Tentei pela primeira vez! Ensaiei as primeiras palavras, mas eles apenas olhavam entre si, mesmo estando em uma roda de conversa. Quando balbuciei, sequer viraram os rostos para saber de onde viriam aquelas poucas palavras que, com muito esforço, conseguiram sair de mim. Parecia invisível.

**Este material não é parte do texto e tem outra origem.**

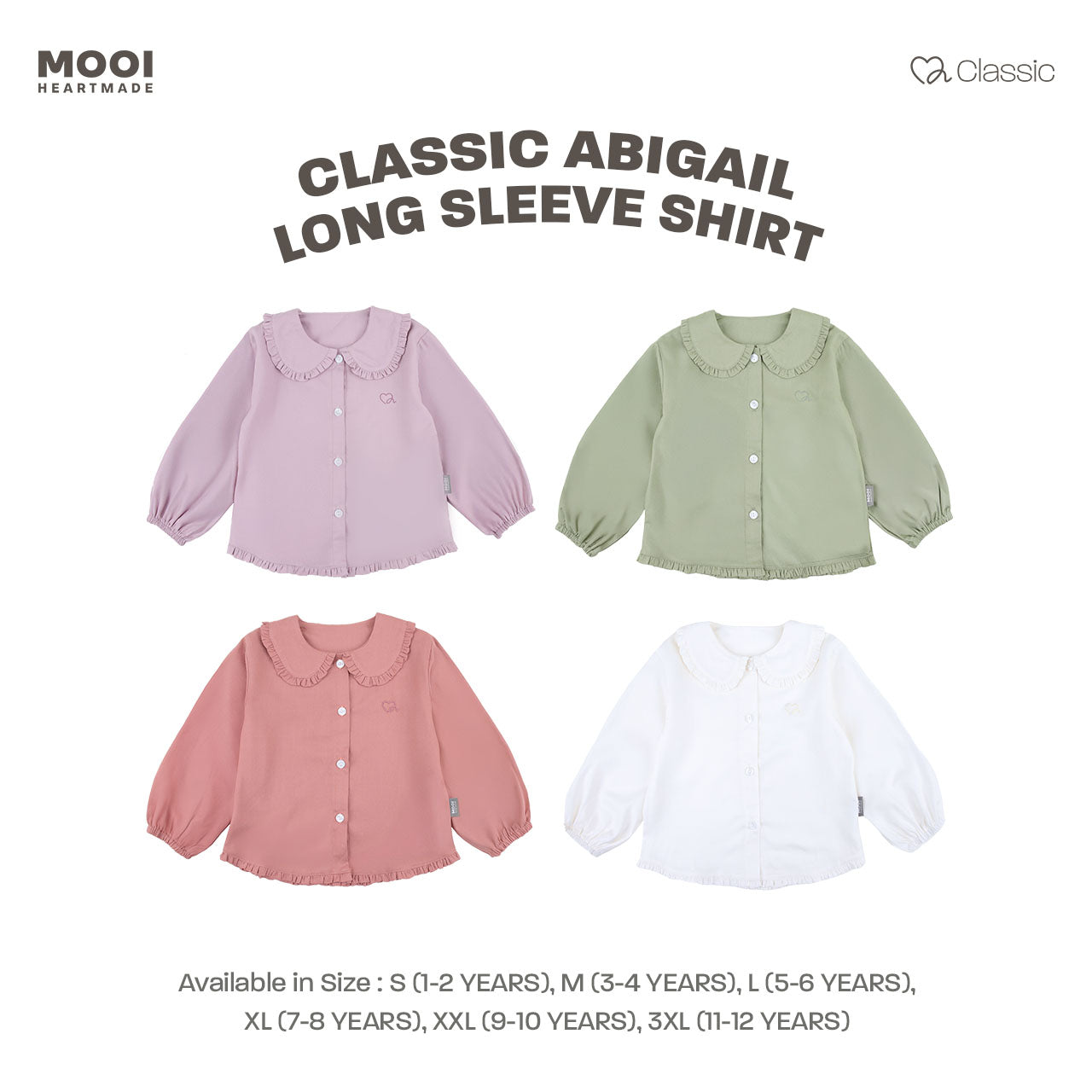 Mooi Atasan Anak Perempuan Classic Abigail Long Sleeve Shirt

Novamente, esperei um momento de pausa na respiração para poder me fazer ouvir. Nada. Aprendi em casa que, enquanto um fala, o outro silencia. Aprendi que é falta de respeito e educação interromper a fala do outro. Então, esperei mais uma vez a pausa na respiração para engatar minha opinião. Aumentei o tom de voz e fui atropelando quem não me deixava falar. Deixei de lado os bons modos e segui olhando firme, com raciocínio concatenado.

Desenvolvi meu raciocínio, dei minha opinião, meu ponto de vista. Quanto esforço! Quanta energia despendida! Vai além do intelectual, é uma mistura de esforço físico, emocional e intelectual.

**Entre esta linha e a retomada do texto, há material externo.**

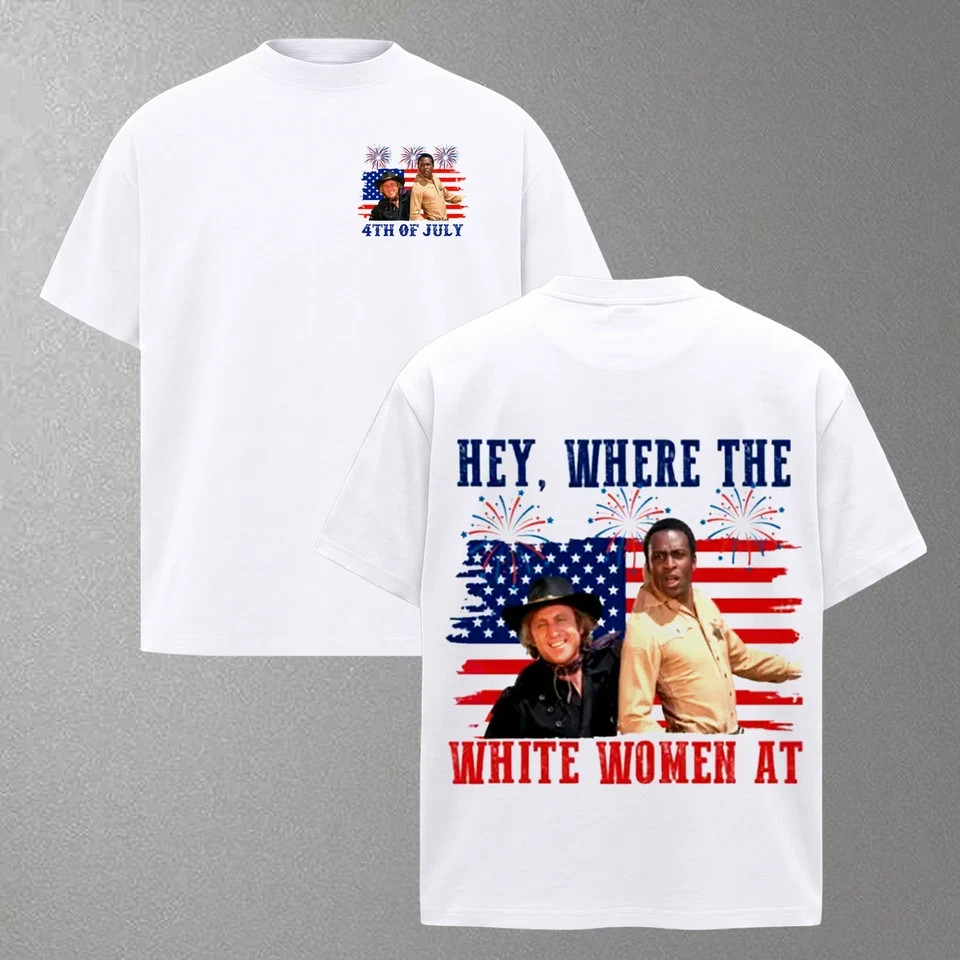 Hey Where The White T-Shirt Gym Casual 4th July Graphic Shirt S-5XL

O fato vivido ontem pela ministra Marina Silva é corriqueiro na vida de Maria, de Joana, de Larissa. É corriqueiro na minha vida. Por isso, paro tudo para me juntar à voz de todas as mulheres brasileiras que não se deixam calar. Os ataques misóginos e racistas dos senadores da região Norte do país (Marcos Rogério – PL/RO, Omar Aziz – PSD/AM e Plínio Valério – PSDB/AM) jamais serão ignorados. Por isso, senadores, ponham-se em seus lugares.

Marina Silva saiu fortalecida em sua causa e na causa da prosperidade das gerações futuras. Sim, o debate era sobre a proteção da Amazônia, mas poderia ser qualquer outro assunto do nosso dia a dia: decisões que precisamos tomar e que nos impactam, seja na vida profissional ou pessoal.

Microfone cortado, fala interrompida, há ainda aqueles que, depois que conseguimos ter nosso momento de fala, resolvem explicar o que falamos. Patético? No mínimo. Por isso, Marina, faço das suas palavras minha bandeira de luta: “o meu lugar é defendendo aquilo que acredito, combatendo a desigualdade”. Marina, Joana, Francisca … todas nós!